In one study, researchers tracked diet and sleep for a group of people and found that indeed, food choices during the day did affect sleep.
The researchers discovered that eating more saturated fat and less fiber from foods like vegetables, fruits and whole grains led to reductions in slow-wave sleep, which is the deep, restorative kind.
In general, clinical trials have also found that carbohydrates have a significant impact on sleep:
People tend to fall asleep much faster at night when they consume a high-carbohydrate diet compared to when they consume a high-fat or high-protein diet.
That may have something to do with carbs helping tryptophan cross into the brain more easily.
But the quality of carbs matters.
In fact, they can be a double-edged sword when it comes to slumber. Dr. St-Onge has found in her research that when people eat more sugar and simple carbs — such as white bread, bagels, pastries and pasta — they wake up more frequently throughout the night.
In other words, eating carbs may help you fall asleep faster, but it is best to consume “complex” carbs that contain fiber, which may help you obtain more deep, restorative sleep.
“Complex carbohydrates provide a more stable blood sugar level,” said Dr. St-Onge. “So if blood sugar levels are more stable at night, that could be the reason complex carbohydrates are associated with better sleep.”
One example of a dietary pattern that may be optimal for better sleep is the Mediterranean diet, which emphasizes such foods as vegetables, fruits, nuts, seeds, legumes, whole grains, seafood, poultry, yogurt, herbs and spices and olive oil.
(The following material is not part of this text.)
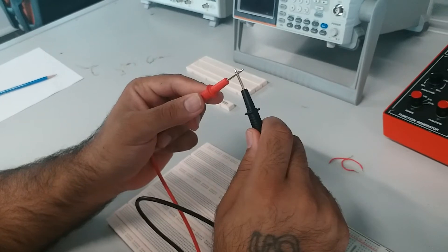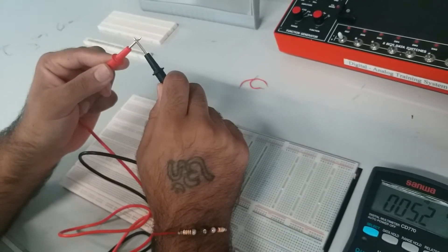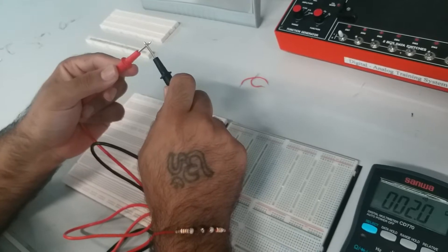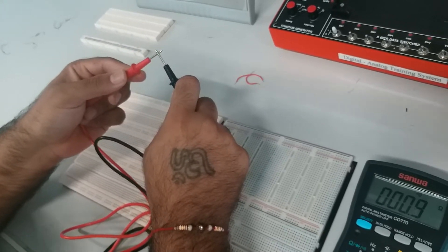So once you touch both of the probes together, you have a sound, and then you'll get some resistance value. That's normal — it means that your device is connected and there's continuity from one end to the other.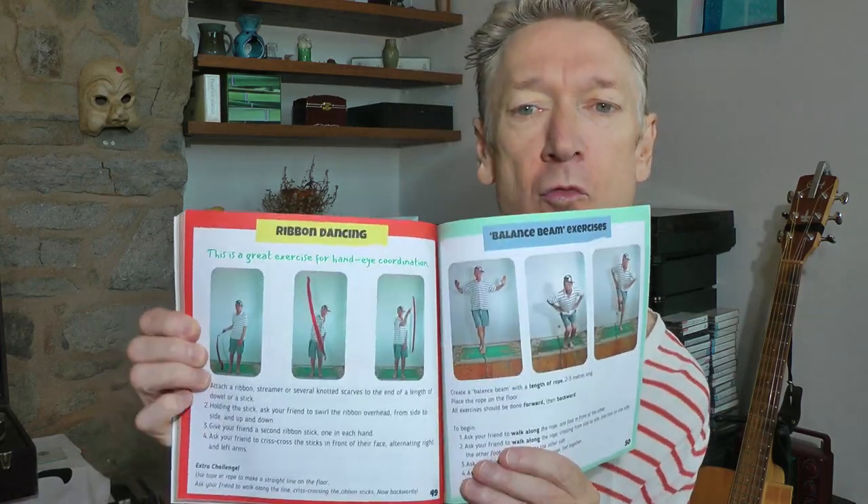Look, there's things like ribbon dancing — yeah, check that out. And balance beam, but it's not really a balance beam because that is dangerous; we've just got a rope on the ground. And these are the exercises that my little boy Gabriel did when he was growing up — he's just about finished growing up now, he's pretty big. We've also got the crawling exercises, which are really hard — like the bear crawl. Do you know the bear crawl? Oh, that hurts. And the crocodile crawl. That's my cool book — that's what I've been working on.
Large observational studies have found that people who follow this type of dietary pattern are less likely to suffer from insomnia and short sleep, though more research is needed to confirm the correlation.
But the relationship between poor diet and bad sleep is a two-way street:
Scientists have found that as people lose sleep, they experience physiological changes that can nudge them to seek out junk food.
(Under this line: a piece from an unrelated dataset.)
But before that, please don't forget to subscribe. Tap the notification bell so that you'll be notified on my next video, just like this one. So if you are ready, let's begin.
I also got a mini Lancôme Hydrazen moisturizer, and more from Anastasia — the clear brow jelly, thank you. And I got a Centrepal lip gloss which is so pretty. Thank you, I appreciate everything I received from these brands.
In clinical trials, healthy adults who are allowed to sleep only four or five hours a night end up consuming more calories and snacking more frequently throughout the day.
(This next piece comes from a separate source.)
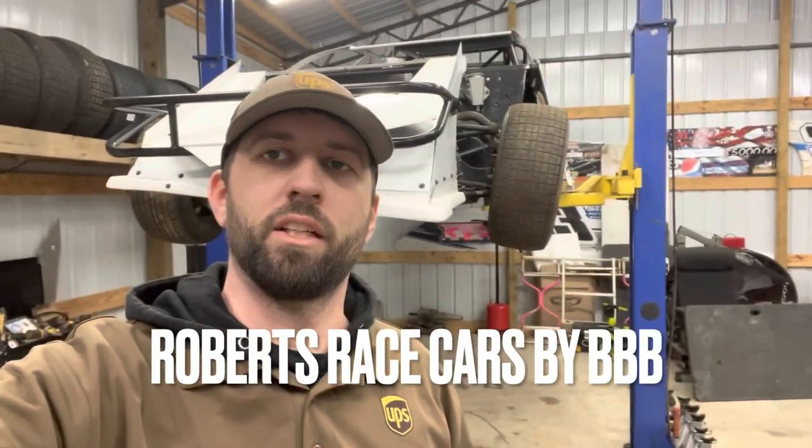I just started editing this video and realized I didn't shoot a good intro for it, so welcome to Robert Trey's Cars by Triple B. I'm Ronnie. The other guy in the video is Dusty. Let's get to it.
They experience significantly more hunger and their preference for sweet foods increases.
In men, sleep deprivation stimulates increased levels of ghrelin, the so-called hunger hormone, while in women, restricting sleep leads to lower levels of GLP-1, a hormone that signals satiety,
“So in men, short sleep promotes greater appetite and desire to eat, and in women there is less of a signal that makes you stop eating,” said Dr. St-Onge.